USGCRP-sponsored research continues to advance understanding of the causes, magnitude, and consequences of changes in stratospheric ozone, UV radiation, and atmospheric chemistry. The FY96 edition of Our Changing Planet included a summary of recent key findings. Highlights of more recent findings follow:

• Atmospheric concentrations of ozone-depleting chemicals are starting to decrease. Over the past few decades, global atmospheric monitoring stations had reported the steady growth in the concentrations of CFCs and other ozone-depleting chemicals. Recent observations have not only shown a slowdown in growth, but also are revealing, for the first time, decreasing concentrations. These downward trends are the first observed atmospheric response to the international agreements to halt production of these ozone-depleting chemicals.

• Year-to-year changes in the stratospheric ozone layer have been explained. Superimposed on the observed overall downward decadal trends in the ozone layer are variations over periods of a few years. The long-term declines have been associated with the growth in the use of ozone-depleting chemicals, such as CFCs, but the shorter term changes have been unexplained. Recent theoretical modeling studies have shown that these shorter term variations can be explained by the augmented ozone depletion caused from the chemistry on surfaces of particles resulting from episodic volcanic eruptions, thereby providing a more complete picture of ozone layer changes.

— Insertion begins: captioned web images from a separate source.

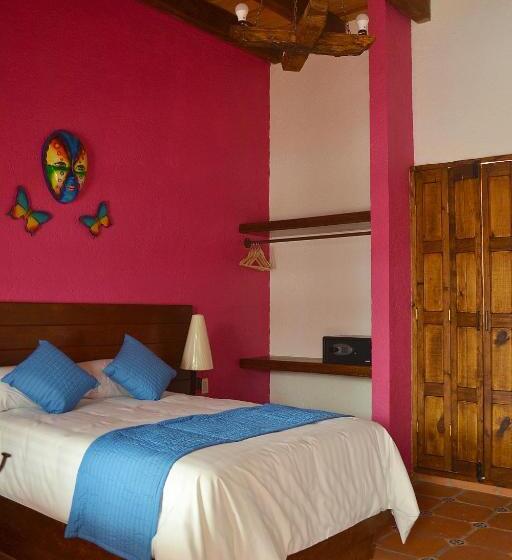 Otel La Casona Pirámides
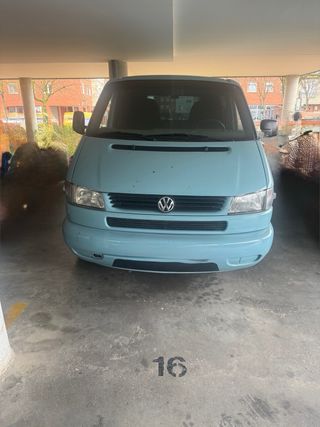 Volkswagen Transporter 1998   2.4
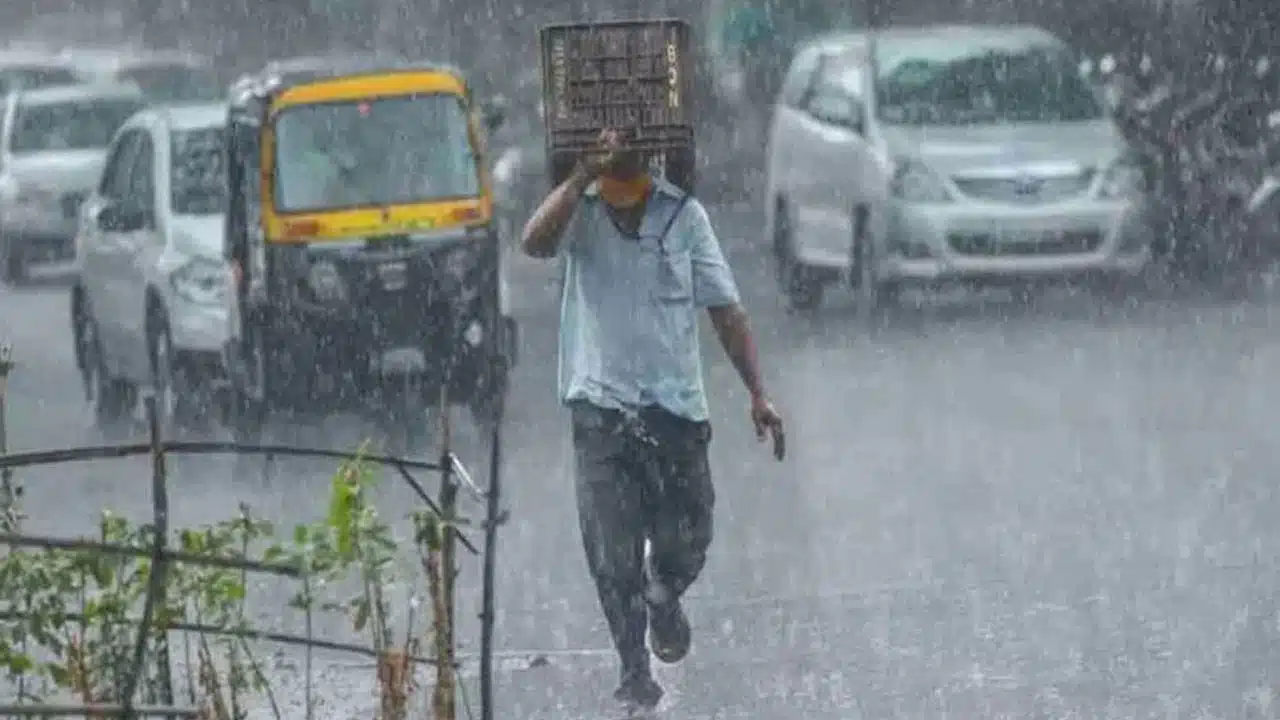 Rains | తెలుగు రాష్ట్రాల్లో మ‌ళ్లీ భారీ వర్షాలు .. వాతావరణ శాఖ హెచ్చరిక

• Soils may be a larger methyl bromide sink than previously thought. Because methyl bromide is involved in the destruction of ozone in the stratosphere, this finding suggests that management of soils may have implications for the stratospheric ozone budget and the amount of UV radiation that reaches the Earth's surface.

• Satellite data have confirmed, on global scales, the expected stratospheric abundance's of ozone-depleting chemicals. Surface-level stations have long monitored the lower atmospheric growth of the ozone-depleting chemicals that are released into the atmosphere by human activities. Balloon and airborne measurements have tracked the resulting ozone-related chlorine and bromine compounds in the stratosphere in particular regions. However, recent satellite data have provided the first truly global look at these species and have confirmed the picture of the human contributions to the global budget of these ozone-related species.

• Carbon monoxide concentrations were measured from latitudes from Alaska to the Antarctic using an instrument mounted in the Space Shuttle on two flights in 1994. These measurements demonstrated a capability for providing global data sets and measuring seasonal variations. The measurements showed the expected higher levels near the source regions, mainly in the Northern Hemisphere and near areas of biomass burning in the tropics, but were also able to observe the much lower concentrations over the Southern Ocean areas that are seldom measured. Carbon monoxide affects the rate of tropospheric chemical removal of other pollutants that affect the concentration of tropospheric ozone, which is both a photochemical oxidant and a greenhouse gas.